VENEZIA 70 – “Les terrasses”, di Merzak Allouache (Concorso)
Le storie che si intrecciano e si dipanano tra Les terrasses sono bozzetti, piccole linee. Sono tracce di vita quotidiana, che, pian piano, si compongono nella totalità di un paesaggio in cui le cose e i personaggi hanno un tratto accennato, ancora volutamente indefinito. Ma a un’osservazione prolungata, a seconda di come cambia la luce, quei tratti possono anche raggiungere un’altra intensità
Le storie che si intrecciano e si dipanano tra Les terrasses sono bozzetti, piccole linee, tracce. Tracce di vita quotidiana, che, pian piano, si compongono nella totalità di un paesaggio in cui le cose e i personaggi hanno un tratto solo accennato, ancora volutamente indefinito. Ma a un’osservazione prolungata e ripetuta, a seconda di come cambia la luce, quei tratti possono anche raggiungere un’altra intensità, addensarsi in grumi di colore ruvido e grezzo o aprirsi in scie che hanno la forma di schegge più taglienti: il vecchio zio pazzo rinchiuso a chiave, il boss che arriva a estremi insospettati, un amore platonico proibito che finisce male. Allouache sembra sempre più impegnato a mostrare il riflesso terribile e sconosciuto dell’Algeria moderna. Si muove nella sua città dolente, dove si sorride, si spera e si suona ancora, ma dove non sembra esserci davvero più spazio per la leggerezza di un altro Omar Gatlato.
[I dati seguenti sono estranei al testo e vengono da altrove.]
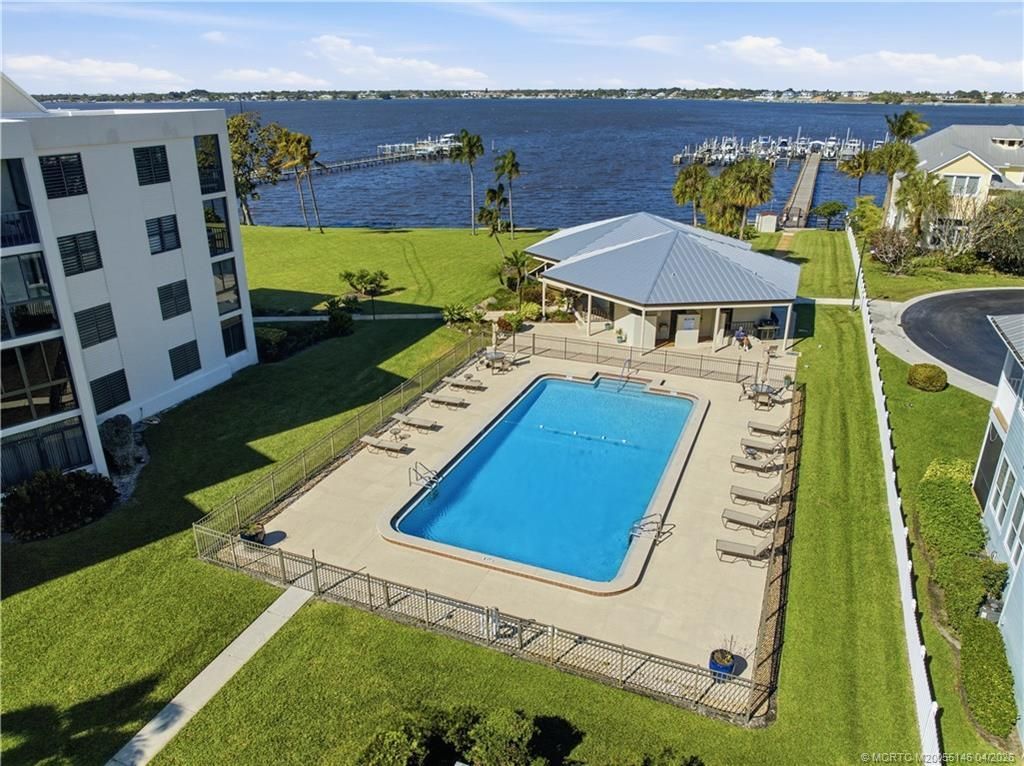 150 SE Four Winds Drive, Unit B401, Stuart, FL 34996 Photo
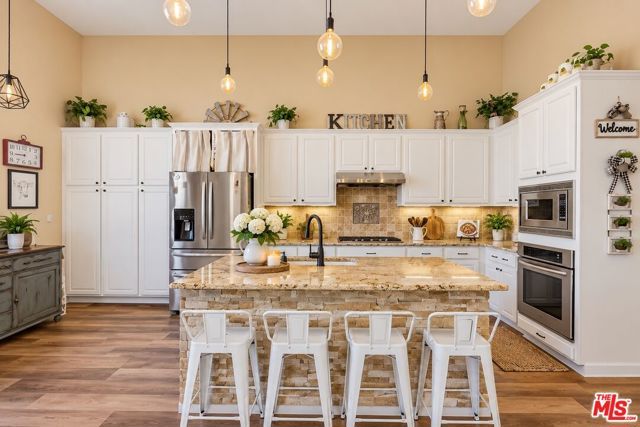950 Brownie Way, Beaumont, CA 92223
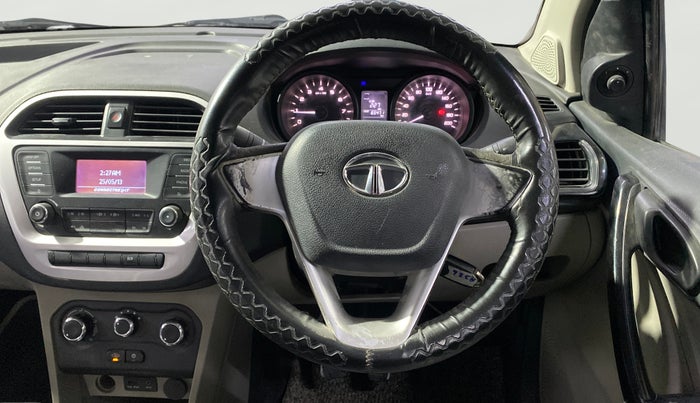 2016 Tata Tiago XT PETROL, Petrol, Manual, 65,462 km, Steering Wheel Close Up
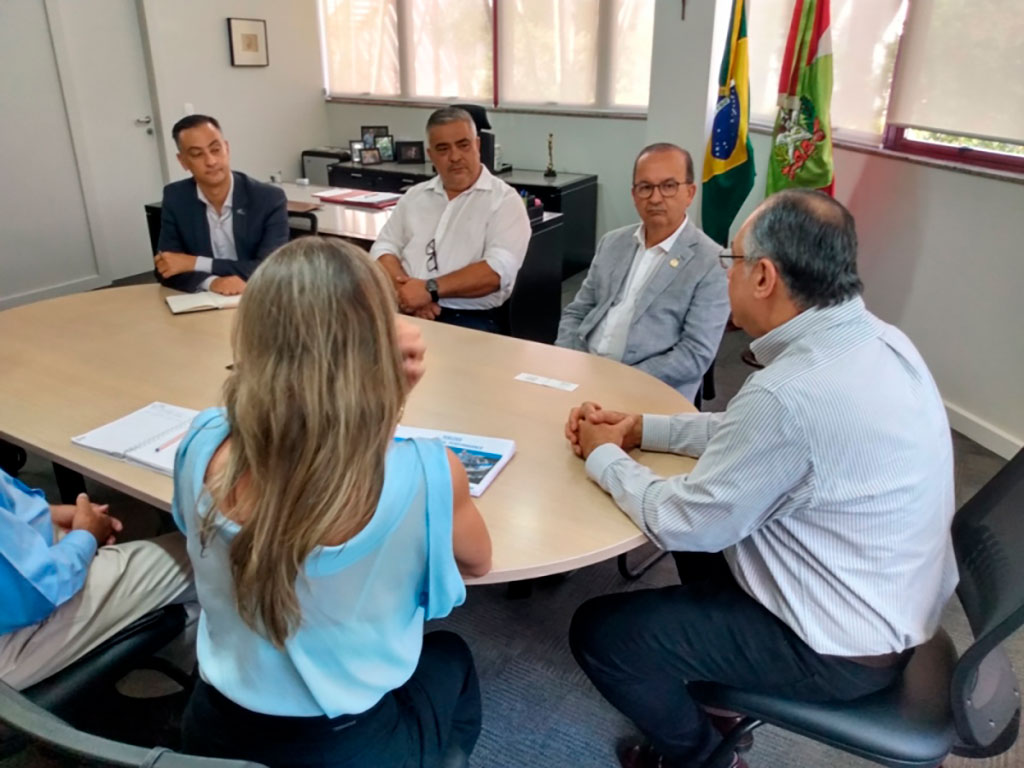 Deputado Sargento Lima (PL) participa de reunião com o governador e empresários sobre o Porto de São Francisco do Sul. (FOTO: Assessoria de Imprensa)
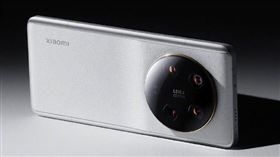 影像旗艦小米13 Ultra。（圖／翻攝自雷軍微博）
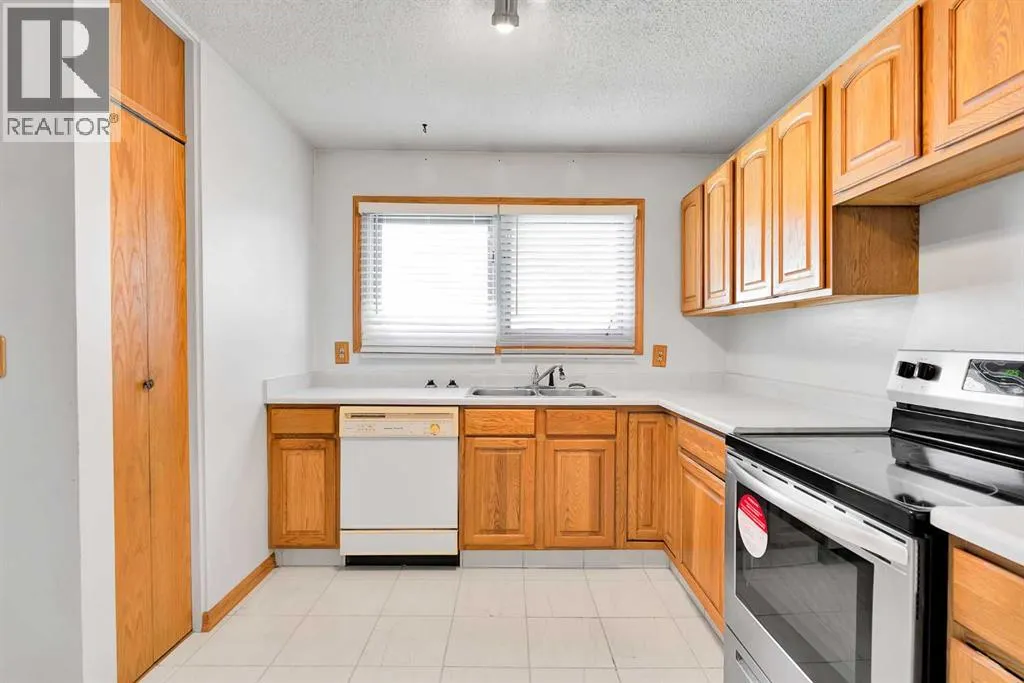 140 Maitland Road NE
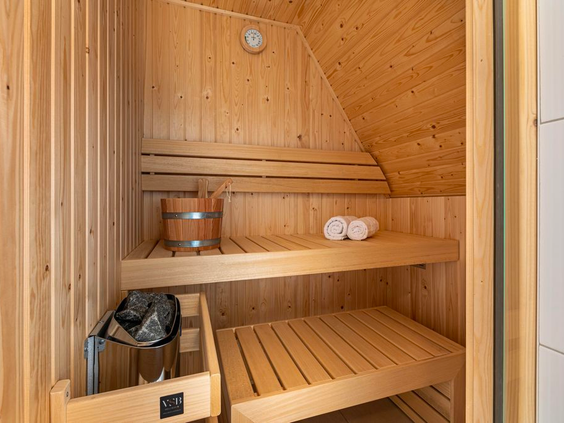 Het interieur van een houten privé-sauna in een wellness-vakantiewoning op Vakantiepark De Strabrechtse Vennen.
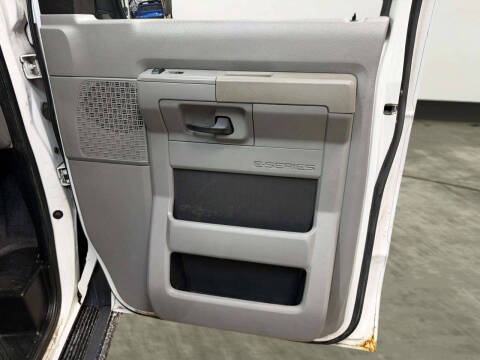 2010 Ford E-Series E-350 SD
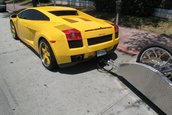 Un Lamborghini cu remorca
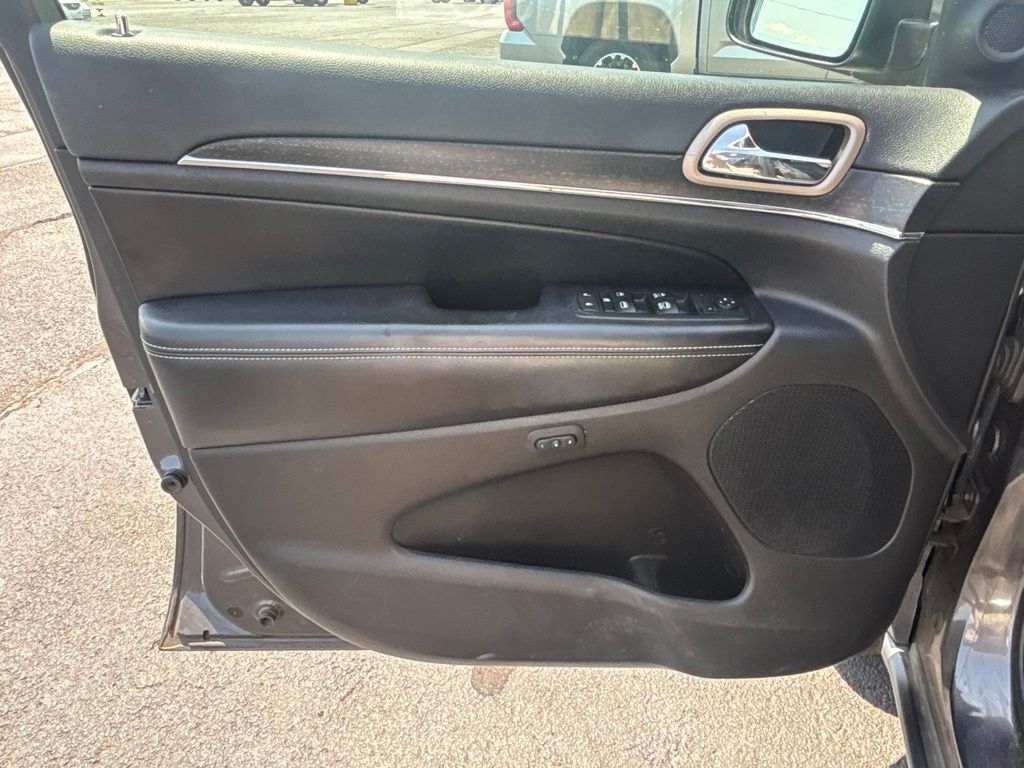 Used 2017 Jeep Grand Cherokee SUV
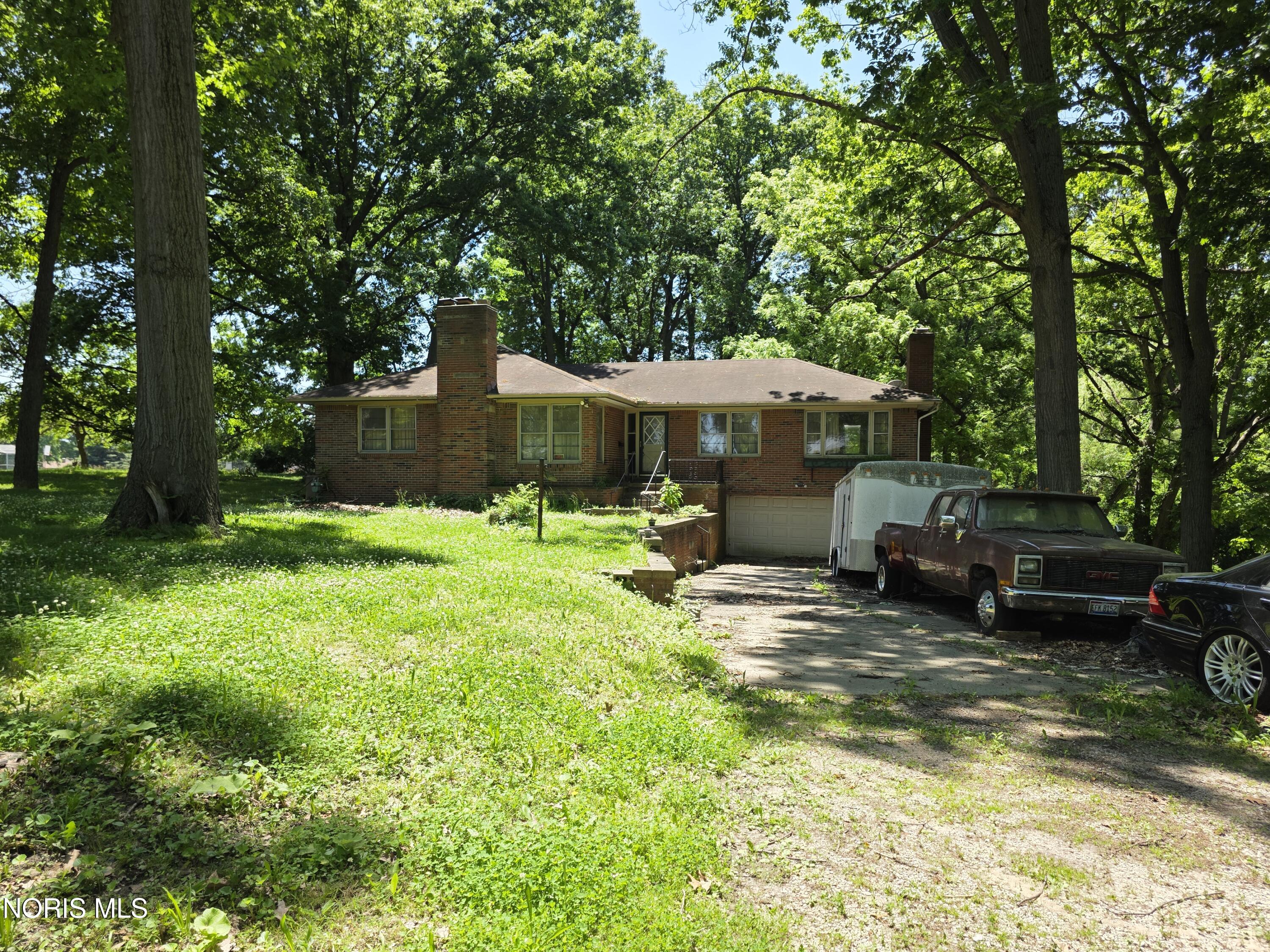 1011 Greenhills Road — photo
“Il caos ha raggiunto i tetti della case”, dalle strade alle terrazze. E forse è proprio questa prospettiva dall’alto a consentire allo sguardo di sorvolare sui dettagli, di mantenersi a una distanza di sicurezza dalle implicazioni più dirompenti, dai melodrammi e dalle tragedie. A garantire, in altri termini, la sostanziale tenuta dell’impalcatura, del film e del mondo. Sarebbe occorso ben altro tempo o precisione, per andare a fondo. Sarebbe stato necessario escludere e scavare. Dall'altezza delle terrazza, invece, è ancora possibile riconoscere un’ironia nella miseria e nella sfortuna, come fa il vecchio commissario in pre-pensionato. O immaginare la libertà dell’innocenza. Del resto all’occhio del dio, il caos è un accidente.